At full capacity it will deploy 2700 employees and cater to 10 lac patients per annum. The design of the largest cancer hospital of India brought together India’s best cancer experts for conceptualization and design.

The National Cancer Institute is the state of the art Tertiary Cancer care cum Research Institute, being constructed at the AIIMS Jhajjar campus
in an area of 31.2 acres. It is the nodal Institution for all activities related to cancer in the country and will have linkages with all Regional Cancer Centers and other Institutes of India.Research.jpg

As India’s premier institute of cancer, its responsible for identifying priority areas for Research & Development carrying out basic and applied research in molecular biology, genomics, proteomics, cancer epidemiology, radiation biology and cancer vaccines. It is also to act as the premier center for development of human resource in various branches of cancer management depending on the needs of our country.

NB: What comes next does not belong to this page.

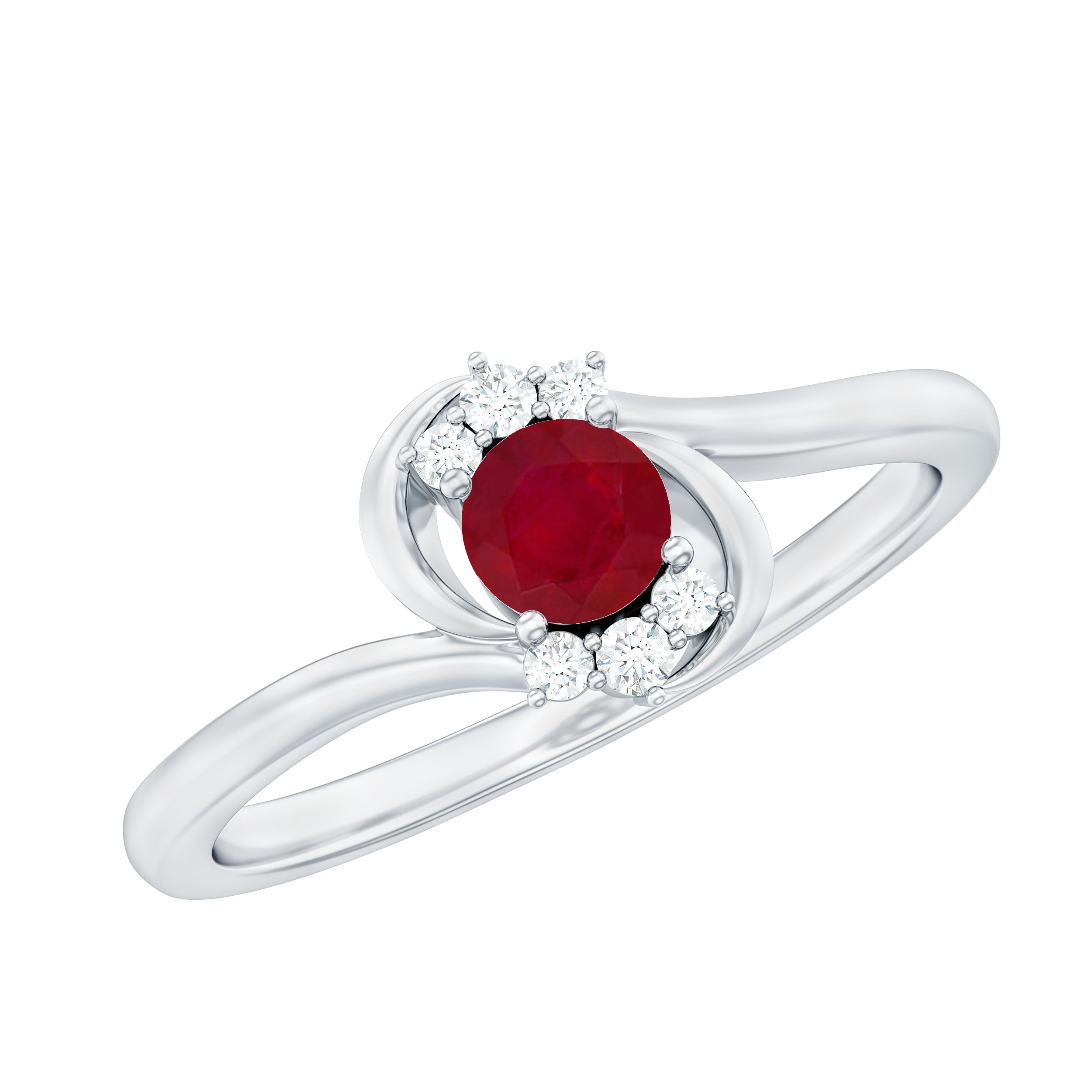 Genuine Ruby and Diamond Bypass Promise Ring Ruby - ( AAA ) - Quality - Rosec Jewels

The Objectives of National Cancer Institute are:

(a) To provide affordable quality tertiary cancer care to cancer patients;

(b) To act as the principal agency of the country in the field of oncology;

(c) To carry out innovative research and the development of novel interventions to prevent and treat cancer;

(d) To undertake clinical trials of newer drugs as well as vaccines;

(e) To carry out transnational research and incorporate newly developed techniques in cancer therapy into clinical practice.

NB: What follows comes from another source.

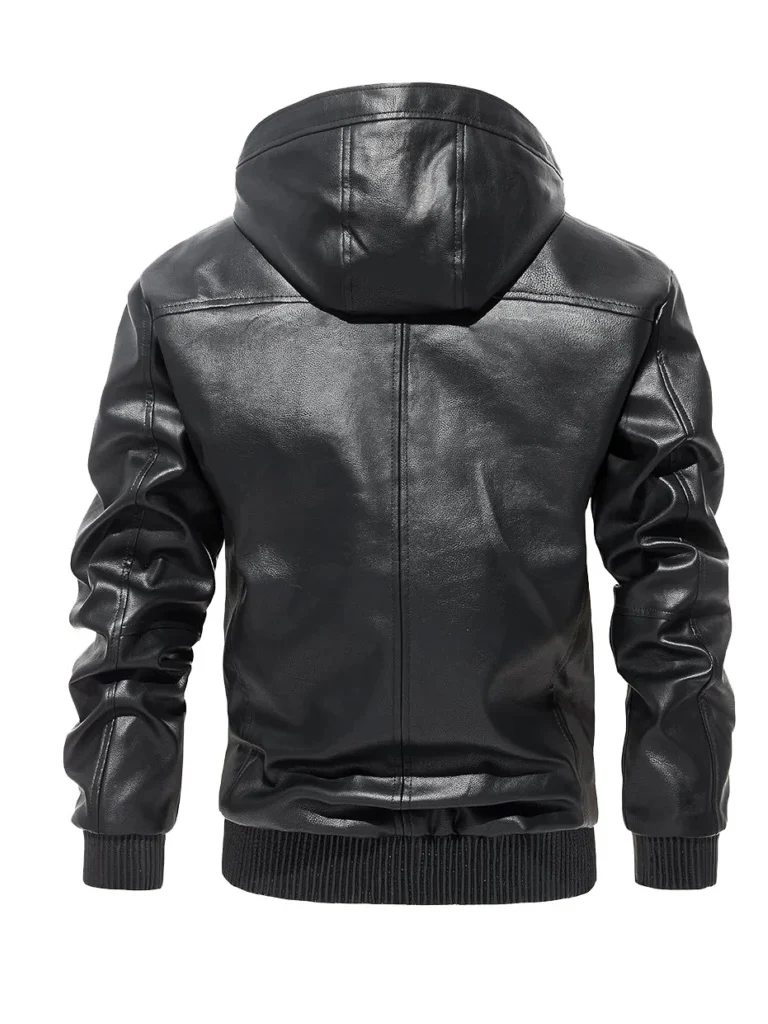 Men Black Bomber Style Hooded Leather Jacket - Image 2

(f) To create international linkages with major cancer centers for exchanging cancer related information and for establishing exchange programmes for training and education.

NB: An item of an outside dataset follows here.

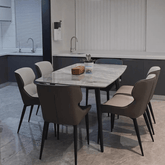 Modern grey rectangular dining table with bright rock tabletop and carbon steel legs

The National Cancer Institute will have 710 beds  dedicated to treatment of those cancers which are based on research protocols. It will have equipment with latest technology.BDNCI.jpg Research will be conducted in collaboration with other cancer centers. The total personnel deployment for the National Cancer Institute has been projected at 2705. A Project Monitoring Committee under the chairmanship of Health Secretary supervises implementation and a sub-committee chaired by Head National Cancer Institute monitors the day to day progress of the project.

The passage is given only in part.